(Saved data entries)
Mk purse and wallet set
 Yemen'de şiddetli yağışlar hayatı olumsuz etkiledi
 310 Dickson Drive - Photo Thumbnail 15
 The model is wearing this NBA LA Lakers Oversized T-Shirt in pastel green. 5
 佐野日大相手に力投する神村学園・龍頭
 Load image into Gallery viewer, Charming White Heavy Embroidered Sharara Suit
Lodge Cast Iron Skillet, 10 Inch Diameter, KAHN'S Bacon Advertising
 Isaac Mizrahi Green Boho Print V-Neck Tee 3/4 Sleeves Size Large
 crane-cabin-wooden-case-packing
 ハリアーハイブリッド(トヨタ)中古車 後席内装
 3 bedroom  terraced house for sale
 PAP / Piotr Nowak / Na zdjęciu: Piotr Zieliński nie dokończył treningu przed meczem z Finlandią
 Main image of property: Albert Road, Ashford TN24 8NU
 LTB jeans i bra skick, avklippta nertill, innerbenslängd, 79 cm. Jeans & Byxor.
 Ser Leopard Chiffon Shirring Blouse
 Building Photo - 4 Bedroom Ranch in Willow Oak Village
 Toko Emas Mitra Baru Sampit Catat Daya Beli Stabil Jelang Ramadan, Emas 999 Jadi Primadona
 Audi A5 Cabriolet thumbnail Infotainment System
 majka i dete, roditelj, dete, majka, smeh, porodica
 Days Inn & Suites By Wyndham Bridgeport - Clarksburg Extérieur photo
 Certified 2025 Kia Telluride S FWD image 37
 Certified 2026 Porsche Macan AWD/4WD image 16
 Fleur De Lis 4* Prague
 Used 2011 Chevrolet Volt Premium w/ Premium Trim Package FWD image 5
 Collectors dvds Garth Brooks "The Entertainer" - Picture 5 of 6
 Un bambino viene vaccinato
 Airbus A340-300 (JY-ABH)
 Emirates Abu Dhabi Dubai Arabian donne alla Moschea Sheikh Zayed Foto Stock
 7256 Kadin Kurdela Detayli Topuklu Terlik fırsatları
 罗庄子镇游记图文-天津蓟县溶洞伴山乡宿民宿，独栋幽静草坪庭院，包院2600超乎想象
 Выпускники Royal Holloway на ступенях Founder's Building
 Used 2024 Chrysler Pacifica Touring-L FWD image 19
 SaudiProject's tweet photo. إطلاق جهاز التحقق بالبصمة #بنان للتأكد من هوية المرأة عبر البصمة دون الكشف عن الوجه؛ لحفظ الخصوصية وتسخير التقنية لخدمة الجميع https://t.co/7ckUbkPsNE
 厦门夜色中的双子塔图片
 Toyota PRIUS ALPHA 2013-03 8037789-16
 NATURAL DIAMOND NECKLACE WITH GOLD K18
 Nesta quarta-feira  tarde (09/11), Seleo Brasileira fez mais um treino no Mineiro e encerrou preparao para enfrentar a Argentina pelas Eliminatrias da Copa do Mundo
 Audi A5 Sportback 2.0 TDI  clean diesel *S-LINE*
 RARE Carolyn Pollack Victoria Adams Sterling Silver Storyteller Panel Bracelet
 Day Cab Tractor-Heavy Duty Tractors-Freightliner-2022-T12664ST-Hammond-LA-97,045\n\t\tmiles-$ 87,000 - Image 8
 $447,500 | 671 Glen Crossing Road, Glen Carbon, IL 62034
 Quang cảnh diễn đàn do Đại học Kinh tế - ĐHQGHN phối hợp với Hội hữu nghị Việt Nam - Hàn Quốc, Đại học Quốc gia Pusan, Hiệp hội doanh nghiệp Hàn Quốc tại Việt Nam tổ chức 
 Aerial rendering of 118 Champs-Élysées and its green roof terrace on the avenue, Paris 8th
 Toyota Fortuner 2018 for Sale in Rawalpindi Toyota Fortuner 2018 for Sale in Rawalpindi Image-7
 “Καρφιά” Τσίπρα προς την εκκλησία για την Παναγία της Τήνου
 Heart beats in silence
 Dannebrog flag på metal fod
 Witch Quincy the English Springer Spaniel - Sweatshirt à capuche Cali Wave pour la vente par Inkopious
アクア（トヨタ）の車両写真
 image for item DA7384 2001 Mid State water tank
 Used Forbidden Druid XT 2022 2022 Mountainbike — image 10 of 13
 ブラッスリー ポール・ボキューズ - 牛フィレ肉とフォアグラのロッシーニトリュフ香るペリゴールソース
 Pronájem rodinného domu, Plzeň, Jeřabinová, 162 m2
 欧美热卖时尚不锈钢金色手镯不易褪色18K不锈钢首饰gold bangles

** Prompt **
Wherever the word "Certified" appears in a line of the data above, copy that line.

** Answer section **
 Certified 2025 Kia Telluride S FWD image 37
 Certified 2026 Porsche Macan AWD/4WD image 16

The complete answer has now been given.